The south-west Fife coastal village of Culross (pronounced Coo-ros) is considered to be one of the most picturesque places in Scotland. It is said to date back to as early as the 6th century, having been believed to have been founded by Saint Serf (c.500 – c.583). Culross originally functioned as a port, serving the Firth of Forth before becoming a centre of the Scottish coal mining industry during the 1500 and 1600s.
The founding of the village is surrounded by legend. It was claimed that Princess Teneu, a daughter of the king of Lothian, became pregnant before her marriage. Her father, filled with anger and shame, threw her off Traprain Law, a hill in the Lothians. Fortunately Teneu survived the fall. Knowing she couldn’t go home, Princess Teneu came across a small, empty boat, and it took her across the Firth of Forth, landing at Culross. Saint Serf cared for Teneu, and even became foster father to her son. Teneu and Serf’s son went on to become Saint Mungo, founder and patron saint of the city of Glasgow.
Coal mining was the main industry for Culross during the 16th and 17th centuries. Sir George Bruce of Carnock, a merchant and engineer, was also an innovator in coal mining techniques, and he built the first coal mine in the world to extend under the sea in 1575. The mine was considered a feat of engineering brilliance, and a marvel of 17th century Britain. Unfortunately, the mine was destroyed in 1625 during a particularly violent storm. Bruce also built Culross Palace, a grand merchant’s house. The ‘Palace’ was built between 1597 and 1611, using materials obtained by Bruce’s foreign trade throughout the Baltics and the Low Countries. Culross Palace is now in the care of the National Trust for Scotland.

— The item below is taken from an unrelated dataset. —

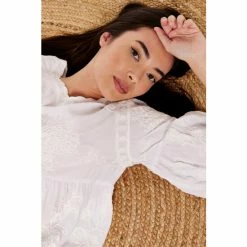 Apricot White Embroidered Cotton Blend Top -Apricot Shop unnamed file 2261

Salt panning was also a significant industry for Culross, and along with the coal, there was a large amount of trade that passed through the village’s port. The town’s distinctive red roof tiles, which can also be seen in other parts of Fife, come from collier ships returning from the Low Countries with Dutch roof tiles a ballast. However, by the 18th century the importance of the port started to decline, and by the second half of the 19th century Culross had lost most of its industrial significance, as well as population. Today there are only around 400 people living in the village.
Despite Culross’s decline in fortunes, it was noted that the village still contained many unique historical buildings, and since the 1930s the National Trust for Scotland has been preserving and restoring many of them, including the Town House, where witches were tried and held before execution.

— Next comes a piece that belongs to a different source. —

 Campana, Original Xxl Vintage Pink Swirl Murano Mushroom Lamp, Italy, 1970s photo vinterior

One of Culross’s most famous sons was Thomas Cochrane, 10th Earl of Dundonald. Cochrane spent most of his early life on his family’s estate in Culross before going on to have a distinguished career in the Royal Navy, having a reputation for being an aggressive, daring, and successful Captain leading to the French Navy referring to him as Le Loup des Mer, or ‘Wolf of the Seas’. However, in 1814 Lord Cochrane was dismissed from the Royal Navy on charges of fraud on the stock exchange. This led to him becoming a mercenary, serving with the rebel navies of Chile, Brazil, and Greece in their respective wars for independence.
Due to Culross’s distinct historic look, it has become a popular filming location. Hollywood blockbuster ‘Captain America: The First Avenger’ filmed some scenes in the village, and the hit TV show ‘Outlander’, used Culross as the fictional village Cranesmuir.